14. Of the Fiefs of Charles Martel. The Spirit of the Laws | ||
31.14. 14. Of the Fiefs of Charles Martel.
I shall not pretend to determine whether Charles Martel, in giving the church-lands in fief, made a grant of them for life or in perpetuity. All I know is that under Charlemagne [113] and Lotharius I [114] there were possessions of that kind which descended to the next heirs, and were divided among them.
I find, moreover, that one part of them was given as allodia, and the other as fiefs. [115]
I noticed that the proprietors of the allodia were subject to service all the same as the possessors of the fiefs.

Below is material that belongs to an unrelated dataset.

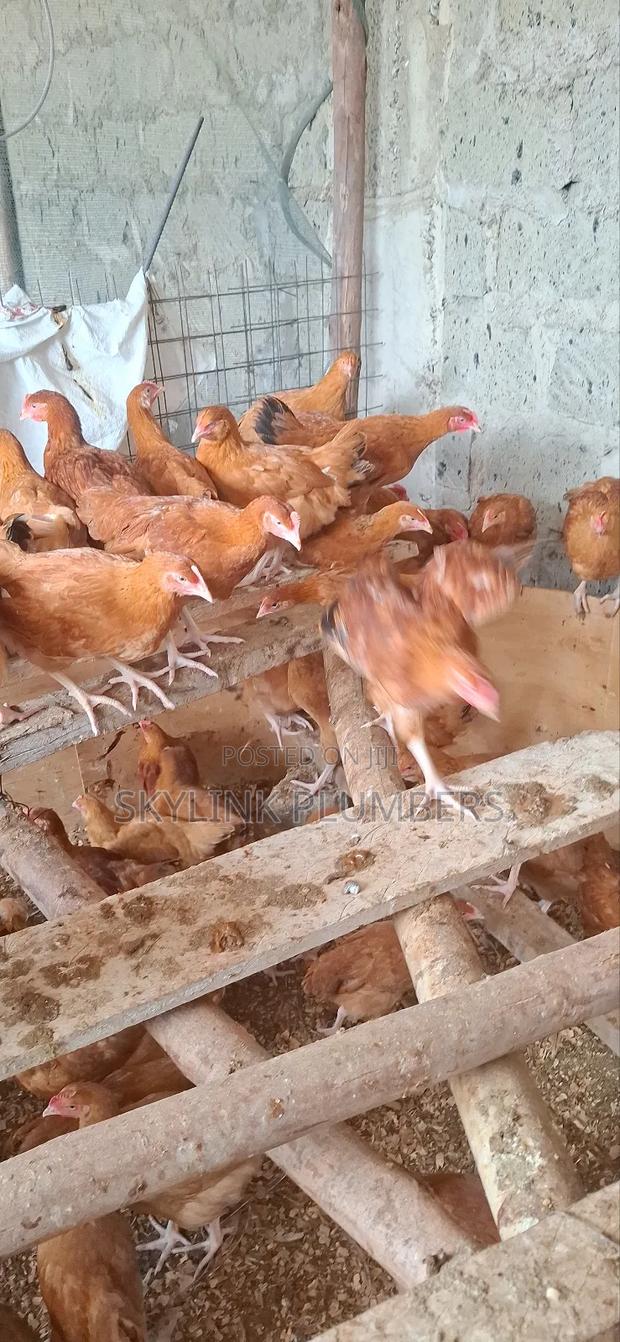 Improved Kenyeji Chicken - thumbnail 3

This, without doubt, was partly the reason that Charles Martel made grants of allodial lands as well as of fiefs.
Footnotes
See the above constitution, and the "Capitulary of Charles the Bald," in the year 846, cap. xx. in Villa Sparnaco, Baluzius's edition, tome ii. p. 31, and that of the year 853, cap. iii and v, in the "Synod of Soissons," Baluzius's edition, tome ii, p. 54; and that of the year 854, apud Attiniacum, cap. x. Baluzius's edition, tome ii, p. 70. See also the first Capitulary of Charlemagne, incerti anni, art. 49 and 56. Baluzius's edition, tome i, p. 519.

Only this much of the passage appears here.